増林のうちでもこのあたりの農家の多くはバタリー養鶏を営んでおり、鶏卵の産出高は越谷周辺では指折りといわれる。屋敷地の大部分を鶏舎に宛てている関係もあり欝蒼とした屋敷林こそみられないが昔ながらの農家を中心とした純農村地帯で、農家の散在する集落に通じる小道を行くとめったに人影もみえない静かな地域である。再び道を県道に戻って進むと道は二俣に分かれすぐまた合わさる。このうち細い道が古くからの県道で広い直線道路は改修された新道であるが、狭かった当時の県道の道幅が知れる。
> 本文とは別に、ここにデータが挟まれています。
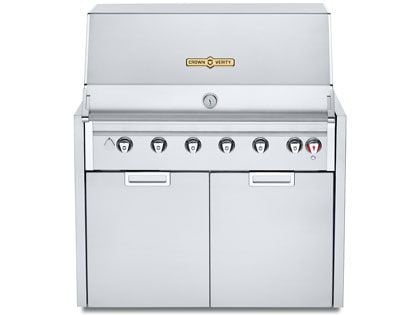 Crown Verity Infinite Series 42-Inch Modular Gas Grill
この先から古利根川はまた県道に接して流れるが、左手は古利根川に沿った集落とそれに続く畑地、右手は広々とした水田地となる。その左手の畑地に生け垣で囲まれた小さな墓地がある。古びたトタン葺の堂舎があってそのわきに若干の墓石があるが、あまり古い墓石はみあたらない。しかしかつてここから板碑の破片が多数発見されたが、その破片は今はみあたならい。この墓所の先は増林下組の鎮守香取神社である。入口に文化十四年(一八一七)の石の鳥居があり、敷石の参道を行くと慶応元年(一八六五)の阿迦獅子をはじめ嘉永五年(一八五二)の敷石供養塔、慶応元年と明治十一年の奉納になる御手洗石、明治三十四年官林三畝九歩の払い下げをうけてこれを境内地に組み入れた旨が刻まれている明治三十五年の精誠と題した碑などが立てられている。
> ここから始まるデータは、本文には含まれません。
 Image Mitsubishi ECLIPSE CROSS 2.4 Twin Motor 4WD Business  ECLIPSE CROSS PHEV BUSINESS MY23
拝殿奥殿は銅板葺のしっかりした社殿であるが、境内に立てられている農村センター建築の記念碑によると、この社殿は参道の脇に建てられている農村センターの建物とともに、昭和四十八年の再建になるものとある。境内は銀杏の大木を中心に樹木の茂みが神域らしいたたずまいをみせている。ことに神殿の横手は杉の木立になっており、それが古利根川の堤防に続いている。
香取神社を後にして少し行くとまた畑地の中に墓地が見える。ここはもと宝蔵院と称された真言宗の寺院跡である。墓地の入口に正徳二年(一七一二)の地蔵尊供養塔、享保元年(一七一六)と寛政二年(一七九〇)の青面金剛庚申塔、文化八年(一八一一)の文字庚申塔がならべられている。墓地のなかには寛永十年(一六三三)や同十四年在銘の宝篋印塔墓石などもみられ古い墓地であることが知れる。
このほか不動明王像を納めた祠堂と、弘法大師像を祀った祠堂、それにトタン葺の古びた無住の家屋がある。ここは集会所になっているとみられ、地蔵などの縁日には老婆などによる観音経読誦の鐘や大鼓が聞えることもある。この先から県道はまた狭くなり増森の地となる。